----- Given entries

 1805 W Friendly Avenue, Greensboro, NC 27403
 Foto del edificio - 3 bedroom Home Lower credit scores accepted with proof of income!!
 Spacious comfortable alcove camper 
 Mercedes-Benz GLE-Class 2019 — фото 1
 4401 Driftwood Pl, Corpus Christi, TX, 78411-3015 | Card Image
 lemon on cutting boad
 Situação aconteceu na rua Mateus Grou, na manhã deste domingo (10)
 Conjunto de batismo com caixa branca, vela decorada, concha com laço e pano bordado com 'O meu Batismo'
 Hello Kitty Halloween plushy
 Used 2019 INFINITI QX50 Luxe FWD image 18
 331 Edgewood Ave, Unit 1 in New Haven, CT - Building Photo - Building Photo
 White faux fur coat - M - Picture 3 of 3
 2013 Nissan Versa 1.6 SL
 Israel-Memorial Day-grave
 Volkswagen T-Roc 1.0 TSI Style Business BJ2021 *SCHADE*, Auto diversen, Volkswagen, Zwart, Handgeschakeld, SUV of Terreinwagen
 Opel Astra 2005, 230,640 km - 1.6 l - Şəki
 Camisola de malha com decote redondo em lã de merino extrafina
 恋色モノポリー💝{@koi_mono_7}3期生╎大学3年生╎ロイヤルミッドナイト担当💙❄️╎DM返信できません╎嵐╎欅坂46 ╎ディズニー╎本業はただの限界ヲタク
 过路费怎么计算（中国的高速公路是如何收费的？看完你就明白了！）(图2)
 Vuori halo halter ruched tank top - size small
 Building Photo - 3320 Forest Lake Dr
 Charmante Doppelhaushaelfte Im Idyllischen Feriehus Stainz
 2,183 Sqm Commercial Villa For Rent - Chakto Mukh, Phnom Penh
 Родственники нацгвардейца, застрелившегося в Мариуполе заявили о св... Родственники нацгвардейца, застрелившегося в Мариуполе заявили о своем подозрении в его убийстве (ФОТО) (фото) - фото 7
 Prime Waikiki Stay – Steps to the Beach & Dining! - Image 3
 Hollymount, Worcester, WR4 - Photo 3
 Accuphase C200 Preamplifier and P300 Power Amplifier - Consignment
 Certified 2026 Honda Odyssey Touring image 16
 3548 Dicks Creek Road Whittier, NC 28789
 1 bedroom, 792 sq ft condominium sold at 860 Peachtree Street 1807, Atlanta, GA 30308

----------

Task brief —
Collect the lines of the data that carry the word "Photo".

Result of the task —
 331 Edgewood Ave, Unit 1 in New Haven, CT - Building Photo - Building Photo
 Building Photo - 3320 Forest Lake Dr
 Hollymount, Worcester, WR4 - Photo 3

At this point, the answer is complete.